I Pit fsck'ing FARMER JACK

That’s right. Some of you know I’m a dire enemy of those G-d damned supermarket “value club” type of bullshit, privacy-invading cards. Well, my favorite local grocery spot – Farmer Jack – has re-implemented their bullshit program, and now I’m going to have to find yet another new store to shop at. FUCK YOU, FARMER JACK. Dropping the card when you were in bankruptcy SAVED YOUR ASS. What do you expect to be different this time around?

I’m a premium shopper. I don’t care about prices unless I know that people are paying less than I am at the same store. Then it pisses me off. I buy good shit, and lots of it. Farmer Jack CARRIES the good shit, because it’s NOT a Kroger that’s interested in getting only the lowest-common-denominator, penny-pinching, non-loyal customer. Now that FJ is going after the poor, penny-pinching slob crowd, all of the good, premium shit is going to dry up, because that’s not the crowd that buys the premium stuff! High margin stuff!

What the fsck are they thinking? How are they going to afford to keep their stores the cleanest around when all they cater to are pobes? What’s going to happen to the knowledgeable produce manager when only welfare recipients want to buy Shake 'n Bake instead of fresh veggies? Am I going to have to fsck’ing special order the g-d beef tenderloin now that it’s a fsck’ing discount store?

Wherefore art Thou, FARMER JACK-ass???

Probably best for all concerned. Wouldn’t want to be out there breathing the same air as the pobes. (What’s a pobe?)

I think “fsck” is actually more distracting, and draws more attention to itself, than “fuck.” If you’re going to curse, just go for the gold, man.

Agreed on the stupid “value card” things. If I was an apocalyptic Xtian, I’d be **all over ** the goddamned things with my “mark-of-the-beast” hysteria. :mad:

Fucking pobes.

I like to kick them in the nuts. They’re not real people, so I don’t get in trouble for it.

Breathing my air. Shopping in my store. Driving on my roads.

Fucking pobes. If only I could come up with a terminal algorithm.


Does Meijer have those those cards yet?

I miss Meijer. We have no good grocery stores down here in TX.

I really don’t understand all the hate and paranoia directed at the grocery store club cards. Most of them don’t require you to show ID before signing up, so you can give them a fake address and phone number if you’re that concerned for your privacy.

Who cares if “THEY” know what brands I buy?
Does it really matter if “THEY” know I go through five gallons of milk every week?
Is someone laughing at me because I bought strawberry-scented shampoo, but coconut-scented conditioner?
Or that I have a two box a week jalepeno popper habit?

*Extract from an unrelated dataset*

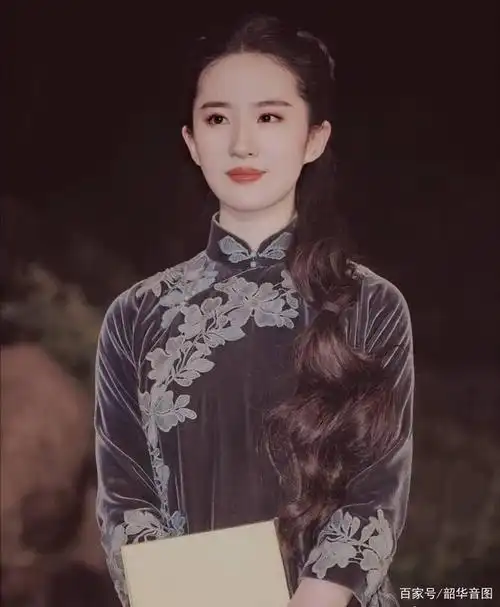 刘亦菲原来也穿过旗袍?这身材绝了,不愧是"神仙姐姐"!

mmm, jalepeno poppers. :smiley:

I hate discount cards, too. The only store in town that uses them is small and dirty and understocked, so I don’t shop there unless I need one thing and I’m close by. My problem is that, even with the discount card, their prices are much higher on the stuff that I buy. I used to have one (good gas discount), but I threw it away when I moved to California. Then I moved back and asked three or four times for a new one for those times I was close by, but they were “out”. Fuck 'em.

Couple things…

What the hell is a pobe? Do you mean plebe?

Like others have said, it’s easy to game your info for a discount card. Having said that, I’m kind of surprised nobody has challenged the things…kind of like “no purchase necessary” to enter a contest, it should be “no personal info necessary” to get discounts.

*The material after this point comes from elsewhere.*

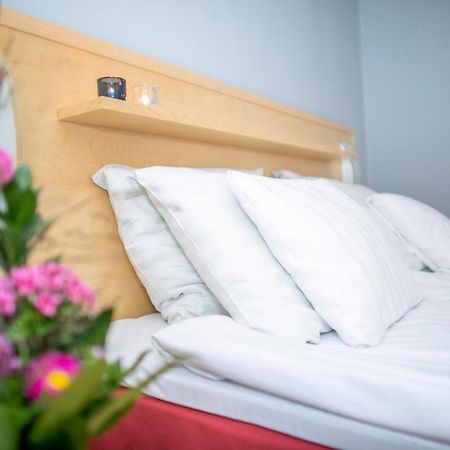 Hotel Uusikuu ミッケリ エクステリア 写真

Your disparagement of poor people is not only mean-spirited, your characterization of penny-pinchers as being poor is somewhat inaccurate. Some of the most niggling penny-pinchers are actually fairly well-to-do; that’s part of why they’re well-to-do. A lot of poor people fail to pinch pennies, buying convenience foods and the like, a contributing factor to their continuing poverty.

…and this is the Pit, so go ahead and say fuck; Godamn, shit, piss, sonofabitch, motherfucker, bitch, bastard, goat-felching asshat, all that stuff is just fine here.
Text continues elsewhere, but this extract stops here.